APR : Dans le catalogue sur l'exposition de Journiac, à Strasbourg, Arnaud Labelle Rojoux parle de son travail sous l'angle du toc et du kitsch... Je sais pas si vous avez lu ce texte...
 

FD : Non je n'ai pas lu le texte. Par contre j'ai vu cette exposition car j'habitais Strasbourg a ce moment-là. Mais je ne me souvenais pas qu'Arnaud ait écrit quelque chose dans ce catalogue.
 

APR : J'ai l'impression que vous avez aussi un intérêt pour les matériaux, les textures, les objets, les factures  un peu "fake "... Je pense au chewing gum, au silicone est-ce que vous avez envie d'en parler ?
 

FD : C'est un peu comme des leurres, comme des blagues.
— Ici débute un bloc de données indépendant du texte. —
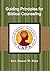 Guiding Principles for Biblical Counseling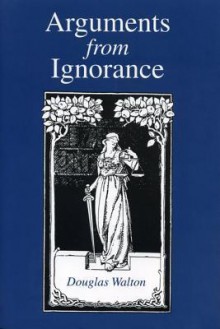 Arguments From Ignorance - Douglas N. Walton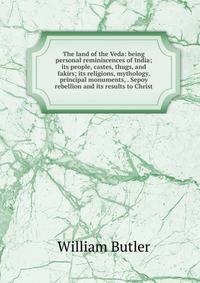 The land of the Veda: being personal reminiscences of India; its people, castes, thugs, and fakirs; its religions, mythology, principal monuments, . Sepoy rebellion and its results to Christ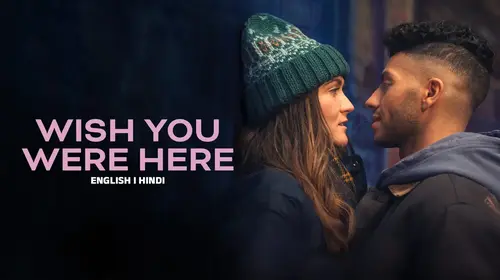 Wish You Were Here English Romance Trailer Thumbnail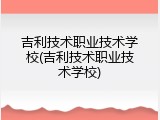 吉利技术职业技术学校(吉利技术职业技术学校)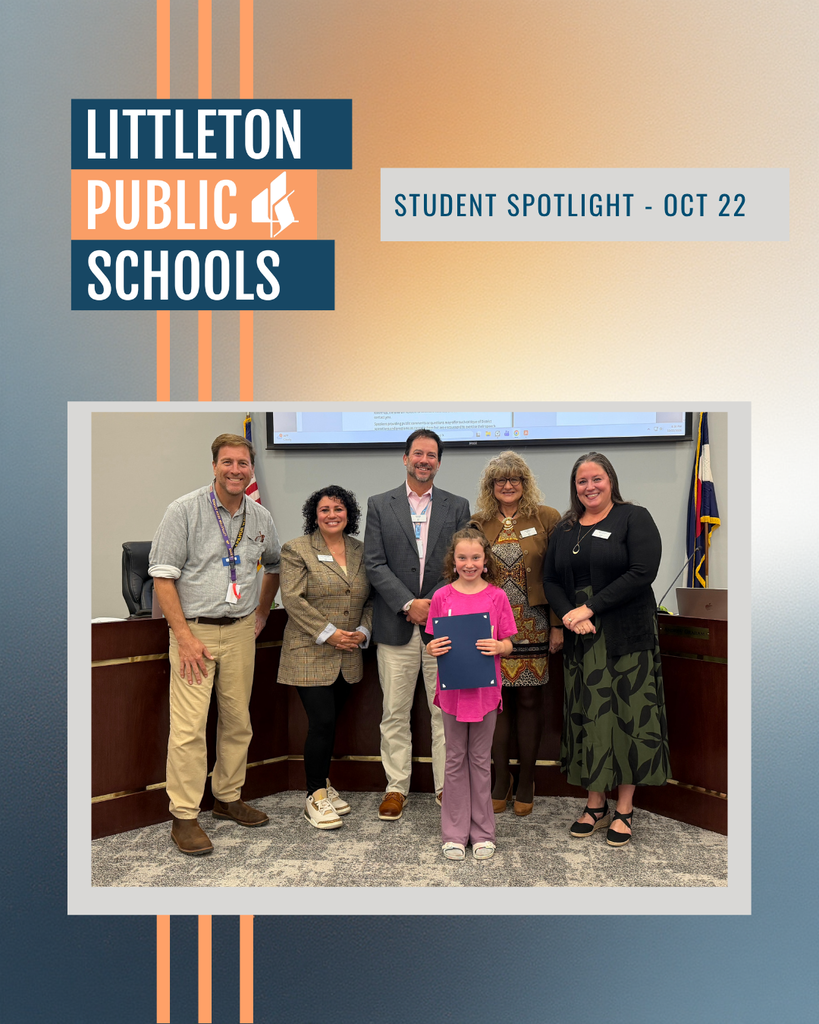 Littleton Public Schools Student Spotlight graphic featuring a young girl holding a certificate, standing with five adults.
Ce n'est pas le fake qui est une blague... je veux dire les blagues opèrent un peu comme "le fake"... C'est quelque chose qui produit un écran... et la question des écrans est importante dans mon travail, et par rapport à Journiac, j'essaye de planquer des trucs qui sont trop visibles, trop aigus... les signes aveuglants, généralement, je les enterre un peu, je les mets derrière des trucs... non pas pour les ignorer mais pour les déplacer et ne pas être aveuglé, pour mieux les voir... Aussi, pour faire apparaître ce qui pourrait plus m’intéresser, je produis des leurres... oui, le fake je l'utilise comme un écran, comme un leurre, comme la blague... mais je ne suis pas l'artiste de la  "blague", comme Arnaud peut jouer avec ses signes là...même si on me renvoit que mon travail est rempli d'humour. Le fake peut s'apparenter à la question de l'écran, de l'intermédiaire qui peuvent produire des filtres...ce sont des choses qui m’intéressent énormément oui... bien que j'ai bon nombre de matières aveuglantes comme la dorure, l'argent, les miroirs, les choses un peu brillantes ou en tout cas qui sont dans l'imagerie de la préciosité ... Il y a peut-être aussi une reconnaissance qui se fait dans cette catégorie de signes et à un moment j'utilise cette catégorie comme des faux repaires, j'utilise ce qui chez elle a de familier pour permettre de voir des choses derrière, différentes, plus pointues.
 

APR : Merci beaucoup Franck.
 

FD : Je vous en prie. Bonne fin de séminaires ou d’entretiens... je ne sais pas comment vous appelez ce que vous êtes en train de faire...
 

APR : Série d'entretiens c'est bien... Je me demande d'ailleurs comment performer l'entretien... Je voulais vous demander, à propos du catalogue de Feldmann si c'était une manière de nier le discours... mais bon... je garde cette question pour une prochaine fois (rires)...merci Franck
 

FD : (rires)... Merci Antoine. Bonne soirée.